## What the task requires:
Return the listing below exactly. Leave its pictures out.

## Dataset content:

········

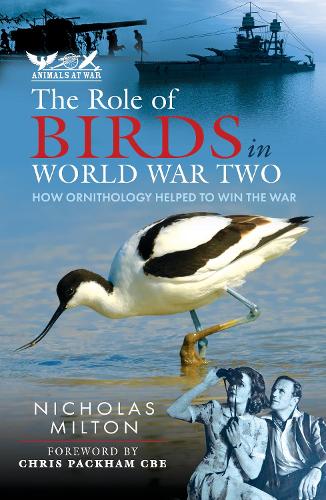 Бумажная книга «The Role of Birds in World War Two: How Ornithology Helped to Win the War», автор Николас Милтон - фото №1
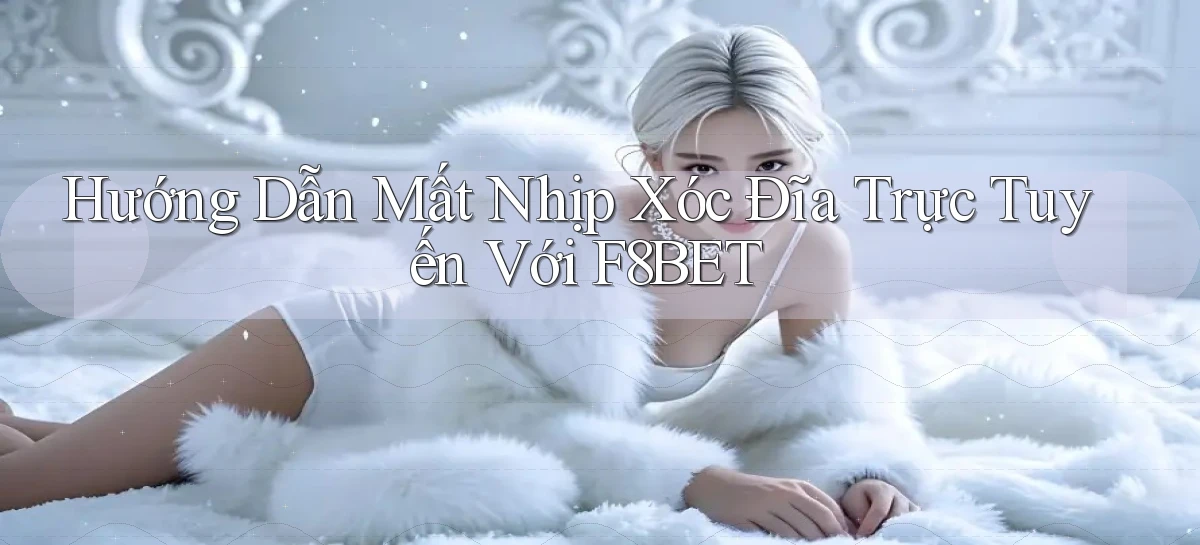 hướng dẫn mất nhịp xóc đĩa trực tuyến với f8bet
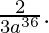 \frac{2}{3a^{36}}.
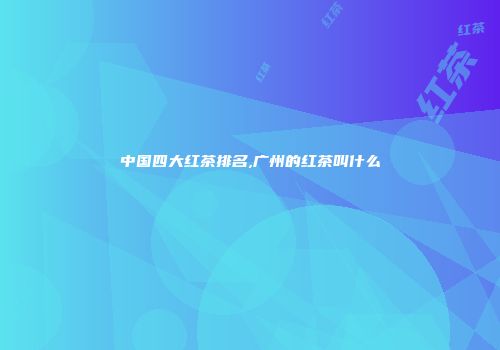 中国四大红茶排名,广州的红茶叫什么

········

## Response for this exercise:
 Бумажная книга «The Role of Birds in World War Two: How Ornithology Helped to Win the War», автор Николас Милтон - фото №1
 hướng dẫn mất nhịp xóc đĩa trực tuyến với f8bet
 \frac{2}{3a^{36}}.
 中国四大红茶排名,广州的红茶叫什么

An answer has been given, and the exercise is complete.